• Task goal: Each record that follows should be duplicated exactly, except for its pictures.

• Listed entries:
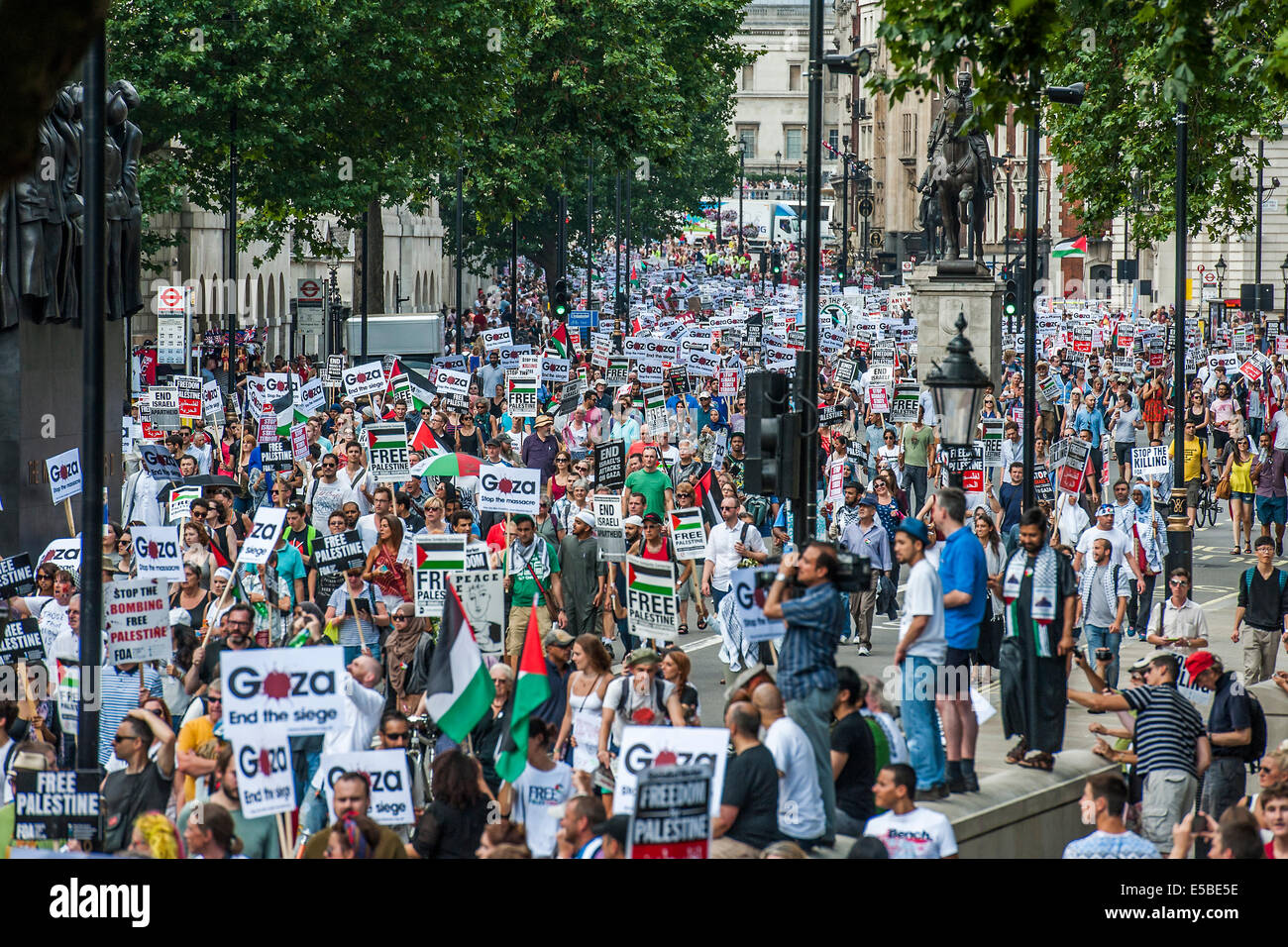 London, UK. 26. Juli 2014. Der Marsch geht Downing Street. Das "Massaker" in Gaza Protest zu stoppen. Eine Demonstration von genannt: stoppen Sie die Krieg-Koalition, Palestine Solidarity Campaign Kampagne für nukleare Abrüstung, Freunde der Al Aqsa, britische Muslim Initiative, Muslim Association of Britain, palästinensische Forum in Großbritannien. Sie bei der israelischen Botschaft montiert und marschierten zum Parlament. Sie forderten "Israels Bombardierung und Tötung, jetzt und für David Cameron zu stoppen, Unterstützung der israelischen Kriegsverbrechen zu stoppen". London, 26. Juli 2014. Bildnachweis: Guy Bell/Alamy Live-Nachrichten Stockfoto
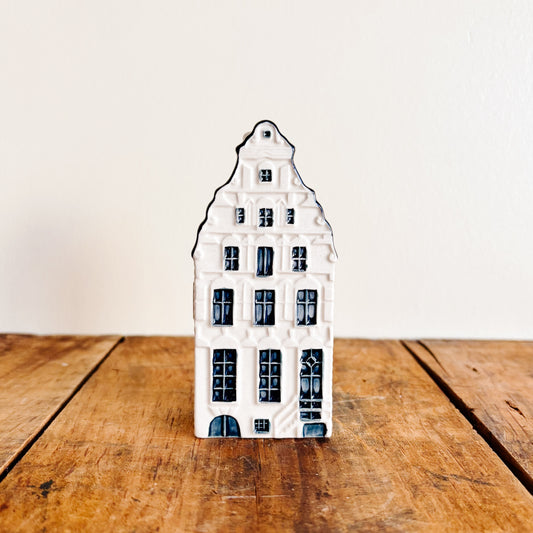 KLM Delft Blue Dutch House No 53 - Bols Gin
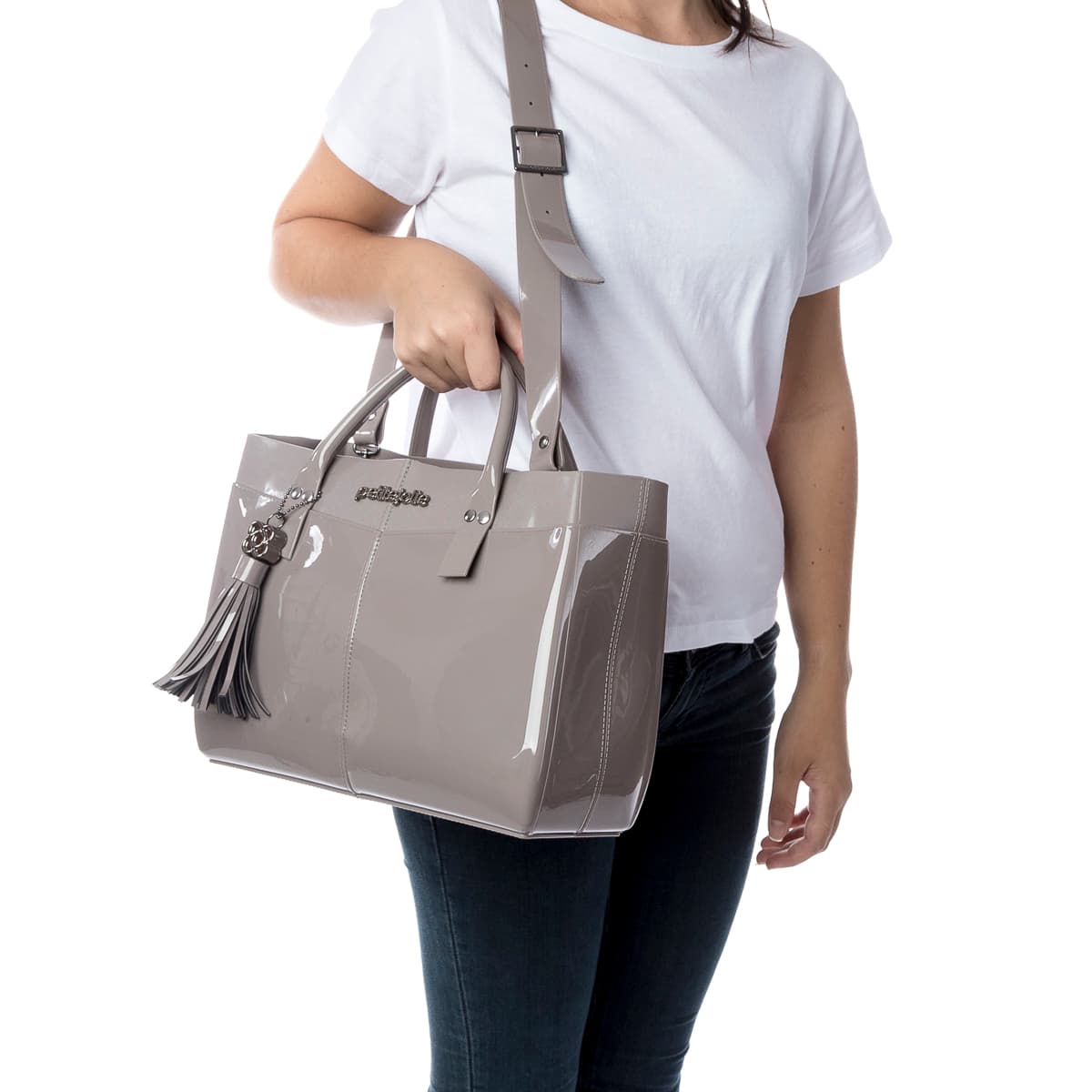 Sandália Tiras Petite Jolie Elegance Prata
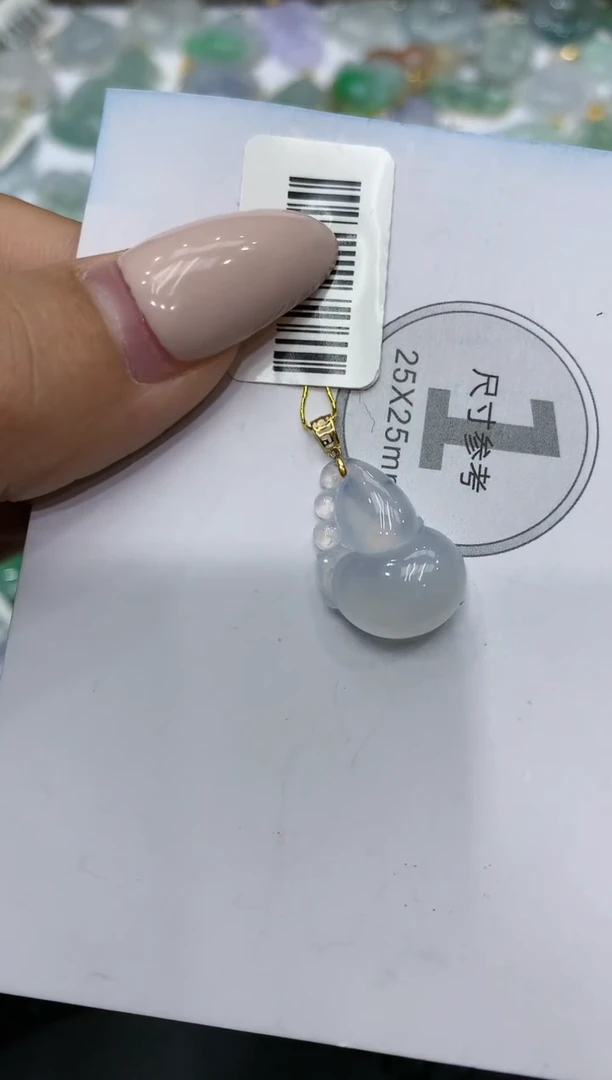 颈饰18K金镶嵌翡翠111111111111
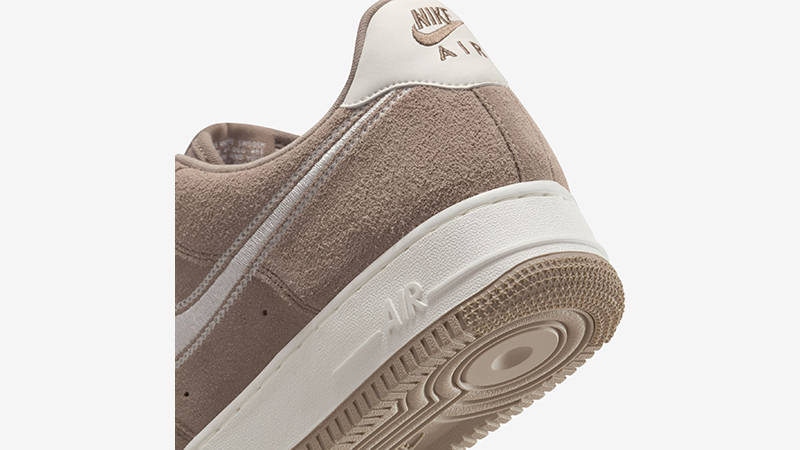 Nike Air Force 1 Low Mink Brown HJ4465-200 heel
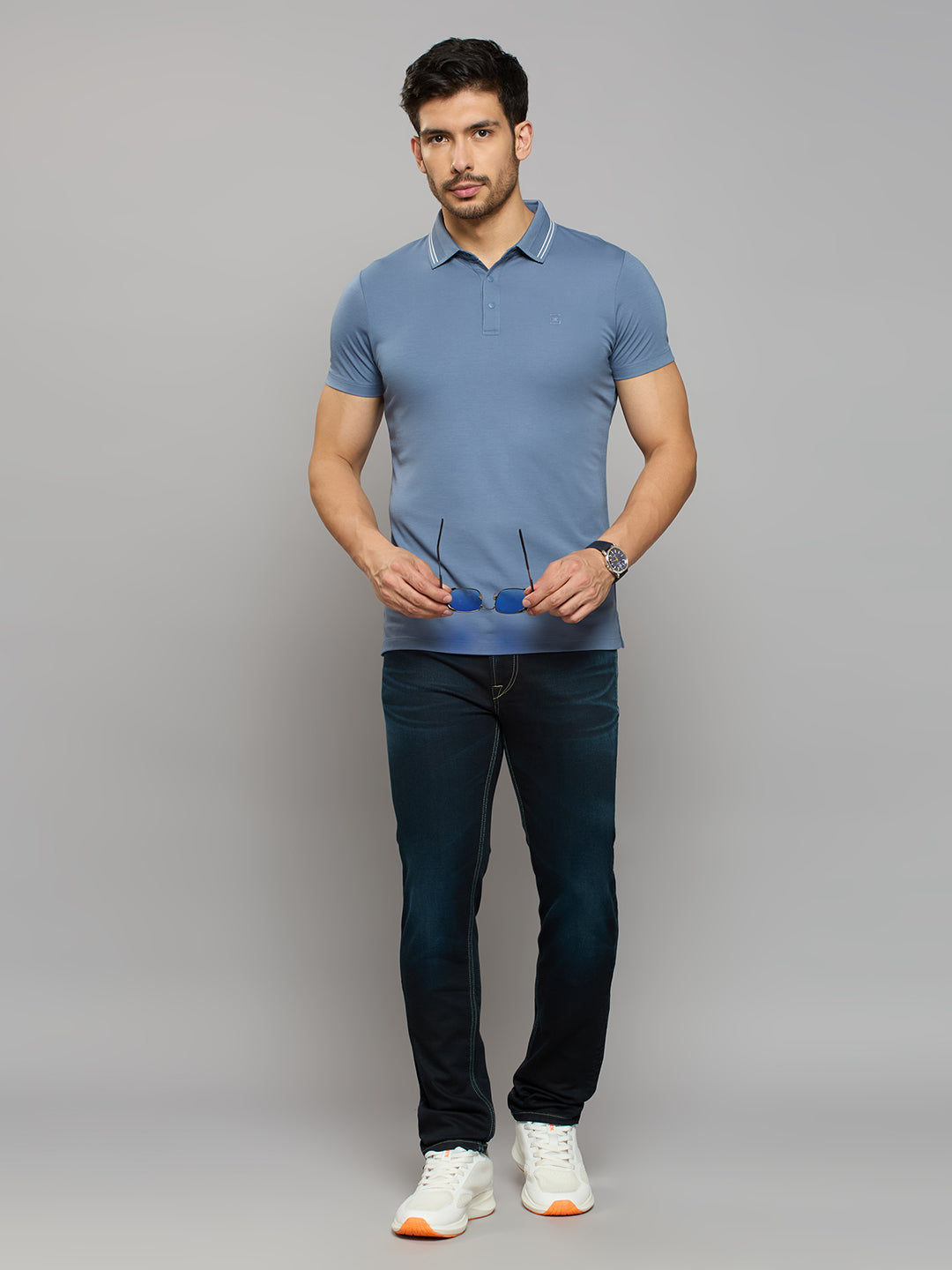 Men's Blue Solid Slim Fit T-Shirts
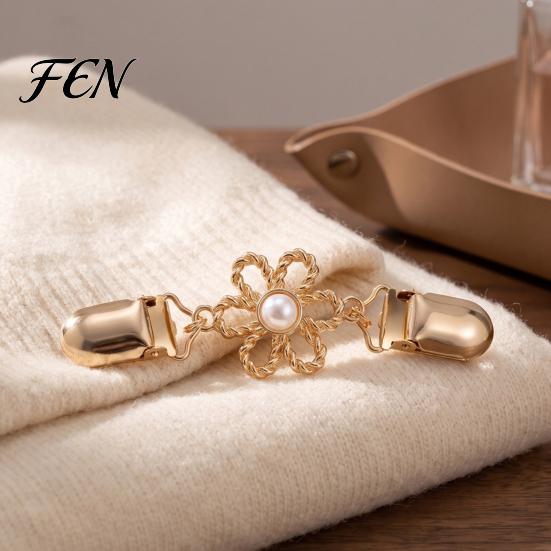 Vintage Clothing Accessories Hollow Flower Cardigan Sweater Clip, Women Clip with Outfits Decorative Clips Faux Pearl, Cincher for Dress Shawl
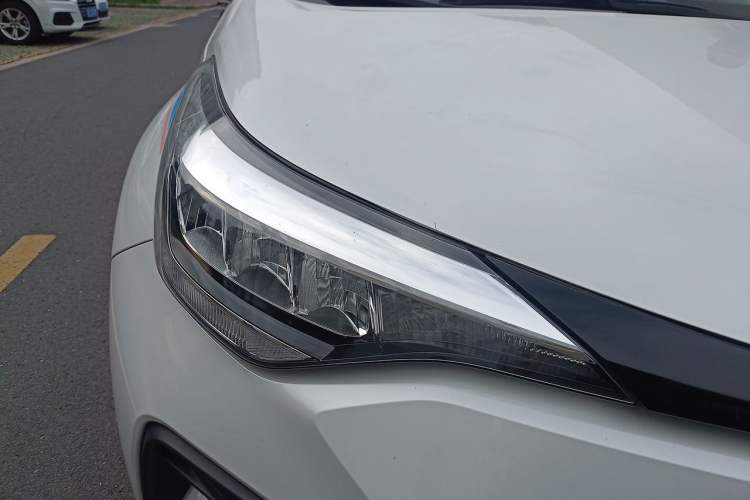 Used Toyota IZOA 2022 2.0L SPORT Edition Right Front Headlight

• Result for this exercise:
 London, UK. 26. Juli 2014. Der Marsch geht Downing Street. Das "Massaker" in Gaza Protest zu stoppen. Eine Demonstration von genannt: stoppen Sie die Krieg-Koalition, Palestine Solidarity Campaign Kampagne für nukleare Abrüstung, Freunde der Al Aqsa, britische Muslim Initiative, Muslim Association of Britain, palästinensische Forum in Großbritannien. Sie bei der israelischen Botschaft montiert und marschierten zum Parlament. Sie forderten "Israels Bombardierung und Tötung, jetzt und für David Cameron zu stoppen, Unterstützung der israelischen Kriegsverbrechen zu stoppen". London, 26. Juli 2014. Bildnachweis: Guy Bell/Alamy Live-Nachrichten Stockfoto
 KLM Delft Blue Dutch House No 53 - Bols Gin
 Sandália Tiras Petite Jolie Elegance Prata
 颈饰18K金镶嵌翡翠111111111111
 Nike Air Force 1 Low Mink Brown HJ4465-200 heel
 Men's Blue Solid Slim Fit T-Shirts
 Vintage Clothing Accessories Hollow Flower Cardigan Sweater Clip, Women Clip with Outfits Decorative Clips Faux Pearl, Cincher for Dress Shawl
 Used Toyota IZOA 2022 2.0L SPORT Edition Right Front Headlight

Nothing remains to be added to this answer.